Splitting Labour was the whole purpose of the SNP calling an opposition day debate on Gaza. Labour’s “immediate humanitarian ceasefire” motion went much further than before, but kept in step with allies also on the move: most Labour MPs would have backed it.
But the Tories skewered it using arcane procedure: by putting up their own motion, the rules said that Labour’s would be knocked out, which would force Labour MPs to vote for the SNP motion or abstain, resulting in a potentially huge rebellion. I hope I’m wrong, but I doubt that in the back rooms of SNP or Tory strategists, anyone was talking dead babies. Nor, I expect, was Labour, struggling to find a way out of this Tory/SNP trap. A rebellion by more than 100 MPs, pressed hard in their constituencies, would have been badly damaging. The protocol trumped everything.
Hullaballoo followed Hoyle’s decision to let all the motions through. Labour’s motion passed and Starmer, politically, is relatively unscathed. He seems to be learning to bend as far as he can to keep all wings together, a good sign he is not captured by the adamants advising him from the old Blair camp. But there was no honour to be had in any of this.
Hurt, slightly bewildered, Hoyle crept back to the Commons to apologise for breaking parliamentary convention. Labour had told him its MPs were under threat, afraid of attacks on their families and their security being at risk if they couldn’t register publicly that they had voted for an “immediate humanitarian ceasefire”. This, say Hoyle’s people, was a pressure that weighed heavily on him.

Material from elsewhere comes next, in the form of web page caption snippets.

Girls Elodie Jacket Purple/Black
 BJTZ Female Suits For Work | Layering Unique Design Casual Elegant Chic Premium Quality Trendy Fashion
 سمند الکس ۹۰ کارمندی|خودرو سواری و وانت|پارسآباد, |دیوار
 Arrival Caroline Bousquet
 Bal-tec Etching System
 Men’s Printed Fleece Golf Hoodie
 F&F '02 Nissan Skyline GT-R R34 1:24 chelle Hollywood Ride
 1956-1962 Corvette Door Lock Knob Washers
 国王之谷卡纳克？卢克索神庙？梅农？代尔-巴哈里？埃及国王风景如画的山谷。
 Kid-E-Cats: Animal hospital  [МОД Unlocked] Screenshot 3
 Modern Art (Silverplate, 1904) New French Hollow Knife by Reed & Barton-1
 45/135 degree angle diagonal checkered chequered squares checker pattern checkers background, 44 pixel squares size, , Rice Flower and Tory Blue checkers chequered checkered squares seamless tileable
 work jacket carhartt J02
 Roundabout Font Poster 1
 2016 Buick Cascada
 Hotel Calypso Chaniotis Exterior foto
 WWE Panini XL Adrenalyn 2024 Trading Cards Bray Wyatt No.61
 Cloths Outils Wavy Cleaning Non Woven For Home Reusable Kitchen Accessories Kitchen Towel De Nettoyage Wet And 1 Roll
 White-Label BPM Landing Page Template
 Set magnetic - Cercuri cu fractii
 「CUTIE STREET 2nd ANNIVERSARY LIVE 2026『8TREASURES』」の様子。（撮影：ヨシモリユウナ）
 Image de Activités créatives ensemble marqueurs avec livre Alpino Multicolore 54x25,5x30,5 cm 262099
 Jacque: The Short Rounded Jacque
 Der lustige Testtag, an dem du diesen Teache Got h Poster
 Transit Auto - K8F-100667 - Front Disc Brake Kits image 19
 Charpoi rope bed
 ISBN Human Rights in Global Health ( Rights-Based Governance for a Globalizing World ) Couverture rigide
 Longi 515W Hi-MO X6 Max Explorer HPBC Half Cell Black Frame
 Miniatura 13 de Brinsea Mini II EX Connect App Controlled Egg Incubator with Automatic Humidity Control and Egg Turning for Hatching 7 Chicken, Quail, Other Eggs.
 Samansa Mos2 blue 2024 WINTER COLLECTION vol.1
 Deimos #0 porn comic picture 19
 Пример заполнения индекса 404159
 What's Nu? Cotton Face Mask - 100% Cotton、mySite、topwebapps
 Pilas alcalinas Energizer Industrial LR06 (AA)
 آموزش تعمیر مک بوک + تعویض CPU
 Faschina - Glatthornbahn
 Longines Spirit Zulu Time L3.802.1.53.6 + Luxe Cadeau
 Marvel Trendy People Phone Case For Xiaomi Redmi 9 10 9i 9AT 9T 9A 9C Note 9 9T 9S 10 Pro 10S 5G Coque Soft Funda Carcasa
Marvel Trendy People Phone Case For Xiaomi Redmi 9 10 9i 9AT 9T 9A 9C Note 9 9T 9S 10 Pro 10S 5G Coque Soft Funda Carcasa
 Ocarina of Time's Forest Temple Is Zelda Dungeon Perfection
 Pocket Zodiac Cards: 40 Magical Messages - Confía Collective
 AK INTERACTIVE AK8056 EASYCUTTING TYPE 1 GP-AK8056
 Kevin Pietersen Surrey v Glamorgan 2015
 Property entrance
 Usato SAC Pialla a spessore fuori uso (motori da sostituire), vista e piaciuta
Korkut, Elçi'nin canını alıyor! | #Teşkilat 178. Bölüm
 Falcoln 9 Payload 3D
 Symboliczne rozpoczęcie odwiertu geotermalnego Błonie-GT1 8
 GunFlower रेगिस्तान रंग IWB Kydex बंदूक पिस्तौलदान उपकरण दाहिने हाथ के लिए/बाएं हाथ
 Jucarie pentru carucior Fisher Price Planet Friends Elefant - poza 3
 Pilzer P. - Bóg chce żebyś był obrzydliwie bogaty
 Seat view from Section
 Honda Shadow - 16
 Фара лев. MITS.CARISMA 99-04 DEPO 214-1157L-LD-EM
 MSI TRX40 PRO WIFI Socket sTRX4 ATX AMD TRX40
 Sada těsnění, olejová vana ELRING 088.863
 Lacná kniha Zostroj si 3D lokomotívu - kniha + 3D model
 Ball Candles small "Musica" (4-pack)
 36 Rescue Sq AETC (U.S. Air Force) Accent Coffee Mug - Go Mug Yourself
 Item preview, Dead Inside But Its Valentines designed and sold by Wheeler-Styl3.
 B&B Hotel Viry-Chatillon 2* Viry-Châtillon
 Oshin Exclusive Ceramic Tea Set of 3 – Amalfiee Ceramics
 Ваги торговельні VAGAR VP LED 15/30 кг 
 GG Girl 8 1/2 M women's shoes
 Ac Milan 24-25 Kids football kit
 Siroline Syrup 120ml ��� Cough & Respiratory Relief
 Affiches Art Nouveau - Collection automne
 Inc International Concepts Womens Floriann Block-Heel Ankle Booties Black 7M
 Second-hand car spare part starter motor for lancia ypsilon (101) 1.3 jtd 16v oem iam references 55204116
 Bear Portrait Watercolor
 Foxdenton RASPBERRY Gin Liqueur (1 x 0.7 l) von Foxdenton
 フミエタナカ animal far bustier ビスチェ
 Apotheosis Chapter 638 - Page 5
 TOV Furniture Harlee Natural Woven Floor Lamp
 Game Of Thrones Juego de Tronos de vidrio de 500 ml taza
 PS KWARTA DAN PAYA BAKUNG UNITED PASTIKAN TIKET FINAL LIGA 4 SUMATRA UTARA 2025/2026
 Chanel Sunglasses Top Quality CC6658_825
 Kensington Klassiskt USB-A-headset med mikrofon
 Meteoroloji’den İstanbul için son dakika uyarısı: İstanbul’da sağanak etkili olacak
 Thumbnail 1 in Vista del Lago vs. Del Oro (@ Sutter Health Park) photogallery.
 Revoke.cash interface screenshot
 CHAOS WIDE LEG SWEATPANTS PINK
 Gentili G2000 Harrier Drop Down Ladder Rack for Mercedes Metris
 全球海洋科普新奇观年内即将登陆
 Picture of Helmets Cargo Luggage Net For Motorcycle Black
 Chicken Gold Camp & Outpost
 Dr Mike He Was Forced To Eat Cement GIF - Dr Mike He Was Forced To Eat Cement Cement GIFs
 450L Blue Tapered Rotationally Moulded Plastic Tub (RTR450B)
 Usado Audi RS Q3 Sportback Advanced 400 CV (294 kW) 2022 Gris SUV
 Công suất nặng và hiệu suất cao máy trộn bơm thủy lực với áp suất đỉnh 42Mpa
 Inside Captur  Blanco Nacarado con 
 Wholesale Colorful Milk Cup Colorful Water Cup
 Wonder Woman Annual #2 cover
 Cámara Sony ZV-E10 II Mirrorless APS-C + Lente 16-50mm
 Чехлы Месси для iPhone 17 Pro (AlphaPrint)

And if that’s true, that is more serious than anything else that happened in the Commons chaos of yesterday: that MPs, and even their party leaders, are saying they are under such threat, so physically intimidated, that they felt they must vote in a particular way. The speaker seemed to endorse that as a good reason for allowing them the chance to cast a vote under threat. Pause and think about that: it really is a sinister new low.